Owner Financing Primer
Buyers of owner financed property are exposed to risks which are normally filtered out by the closing requirements of conventional financing.
1. Many owner financed deals are closed without title insurance. There may be problems with the sellers title that will cause problems in the future. For example, I know a guy who lease/options homes and then sells them on contract. If there are problems with his leases he will find it difficult to actually transfer title when the time comes.
2. In their eagerness to get a home of their own buyers may agree to larger payments, higher interest rates, or short balloons. If times get tough, someone looses their job for a few months, or an unexpected baby arrives, they may not be able to continue buying their house. Some sellers actually count on getting the house back this way, keeping any downpayments, and selling it again.

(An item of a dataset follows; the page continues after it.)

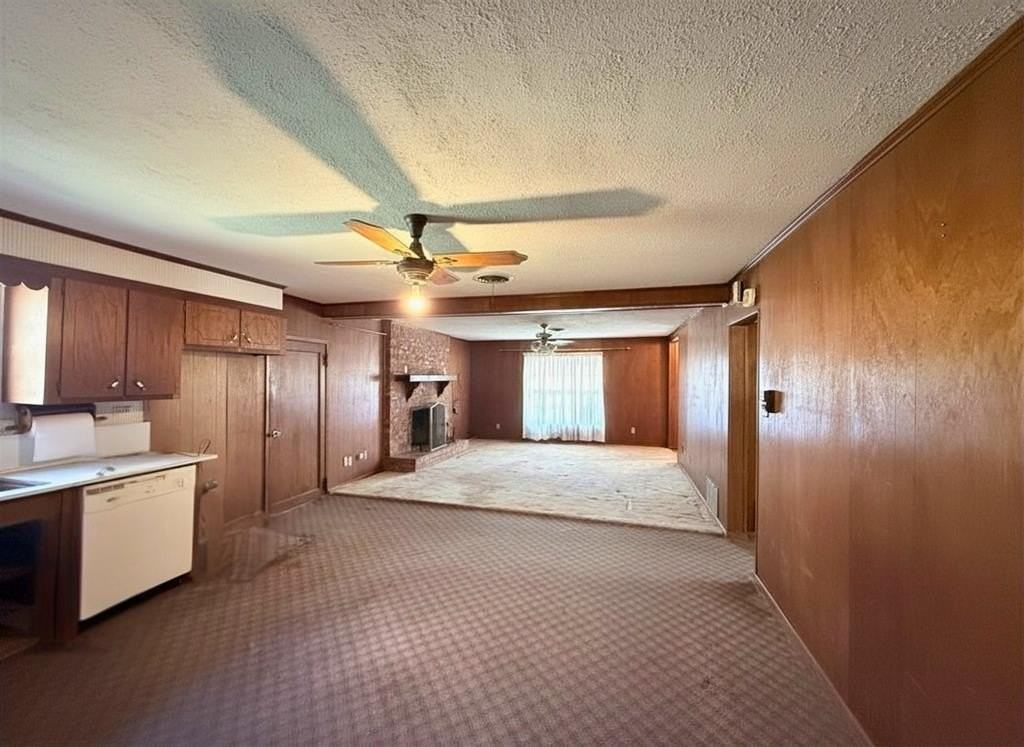 411 E Avenue G - Photo 7 of 10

3. The buyer must be sure to get copies of and read carefully all the sellers mortage paperwork. For example, the seller expects to use the buyers payment to pay the existing mortage. That is fine, but what if the sellers mortage is an adjustable rate loan and the payment increases a lot? If the seller financing did not make provision for this situation the seller may find himself making a payment which is larger than the buyers. If the seller can't or won't do that, the buyer has a problem.
4. Since the seller is frequently still responsible for payments on underlying loans, it is possible for seller problems to spill onto the buyer. A messy divorce, tax problems etc. can all do this.